Aaron Ramsey 'felt calm, confident' taking Panenka penalty kick for Wales
Aaron Ramsey has said he overcame Serbia goalkeeper Vladimir Stojkovic's attempts at mind games to score a Panenka penalty in Wales' 1-1 draw against Serbia on Sunday.
Ramsey netted from the spot in the World Cup qualifying draw in Belgrade, updating the famous spot-kick of Czechoslovakia great Antonin Panenka by lifting the ball into the corner rather than down the middle of the goal.
The Arsenal midfielder chipped the ball past Stojkovic in the 35th-minute as the Serbia goalkeeper dived in to the opposite corner.
The penalty made famous by Panenka -- the shoot-out winner in the 1976 European Championship final against West Germany -- was scored at the same stadium.
"I didn't know, but that is quite a nice touch," Ramsey said when told about the Panenka penalty, which was also scored at the same end of the Rajko Mitic Stadium. "I felt calm, I felt confident in the situation. The keeper asked for the ball so I gave him the ball and he said, 'I'm going to stay in the middle, you're going to go down the middle.'
"So I went in the right hand corner. Thankfully it went in."

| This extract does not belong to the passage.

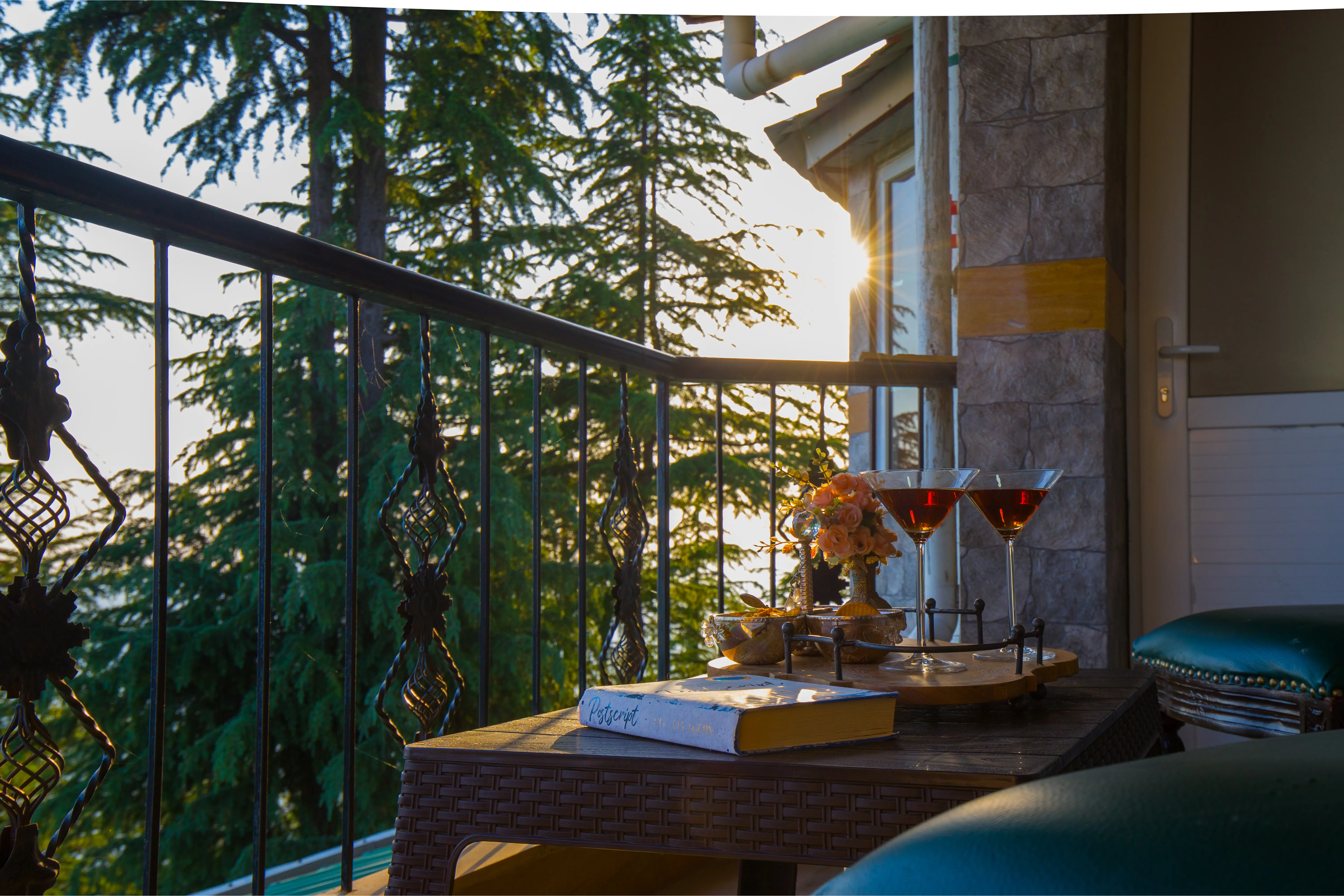 Hill Top Farmstead | Heritage 3-BHK English-Style Villa With Balcony, Gazebo & Stunning Hill Views — photo 9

Ramsey said his 12th Wales goal was the first Panenka penalty he had taken in his career.
"I knew what I was going to do before stepping up and taking it. I'm just happy it went in," Ramsey said.
Asked about the consequences of missing in that fashion, he added: "That is the risk you take. You know, I am out there to enjoy myself as well, and though it was a big occasion, a big moment in this qualification campaign, I felt calm and comfortable doing it. I'm gutted we couldn't hold on to the win. But it is a good point in the end."

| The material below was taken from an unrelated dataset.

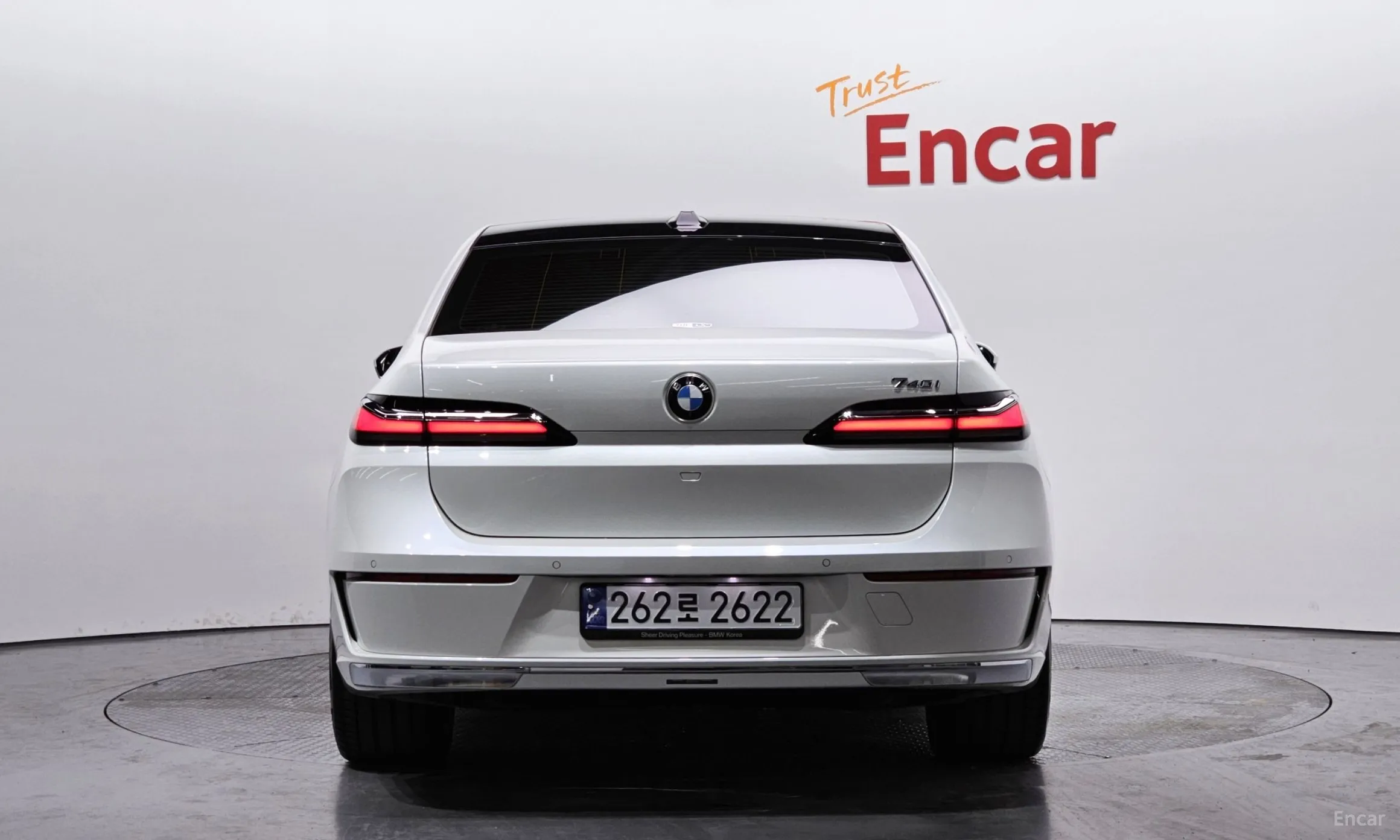BMW 7 Series (G70) превью 3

Wales manager Chris Coleman was delighted with Ramsey's performance but said he was surprised by the choice of penalty.
"I'm pretty sure that he [Ramsey] probably hasn't even seen it," manager Coleman said of the Panenka spot-kick. "It's identical. It's what we thought as soon as he did it.
"But I don't think that would have been in Aaron's thinking. I didn't see that coming if I'm honest with you. But I had no doubt he'd score because he's playing with such confidence at the moment, his overall performance was absolutely outstanding.

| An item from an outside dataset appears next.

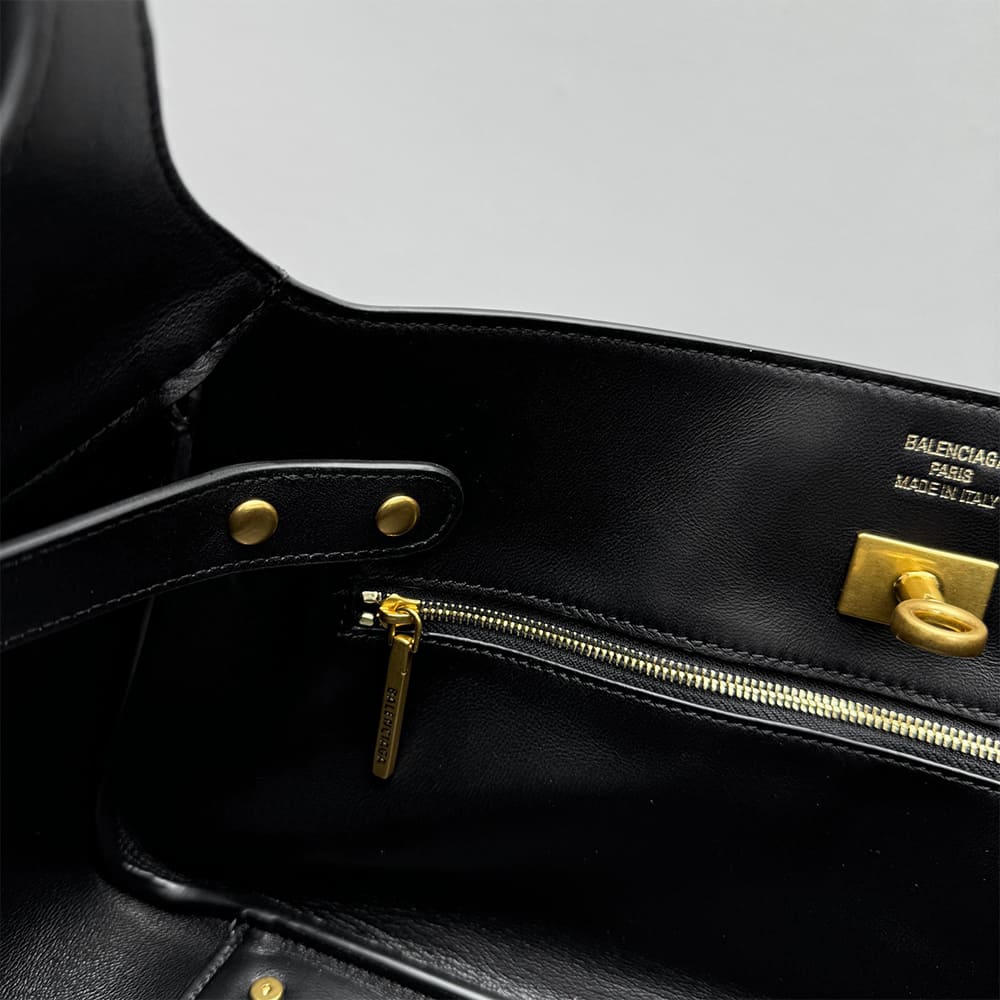 Balenciaga Women s Bel Air Shoulder Bag Small(HIGH-END GRADE)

"He seems to thrive on that responsibility, it's not the first time he's run a game for us. His input was immense."
Coleman felt Wales had learned the lessons of history after a 6-1 thrashing on their last visit to Serbia nearly five years ago, a result which almost ended Coleman's tenure before it had properly began.
"I think we learned a lot from Serbia five years ago when we were beaten heavily, so we knew we had to come here and play hard," Coleman said. "We had a game plan and the players stuck to that, I'm really proud of them.
"I felt at the end we were looking to win it, we had two or three breakaways where it could have been different. "It was a tough game but, overall, we'll be happier with a point than Serbia. It was a game we couldn't lose against a good team, but we thrived on that pressure and I'm really proud of the team.
"The group is still very much in the balance. We're still chasing, four points, but let's see what happens."
Serbia manager Slavoljub Muslin felt his side had struggled to rise to the occasion at the start with the Rajko Mitic Stadium close to capacity.
"We didn't start very well, maybe the full house and supporters added too much pressure for the players," Muslin said. "They were too eager to win and impress, that's why they didn't start well.
"There is disappointment with the draw, but we kept first place in the group thanks to the draw between Ireland and Austria."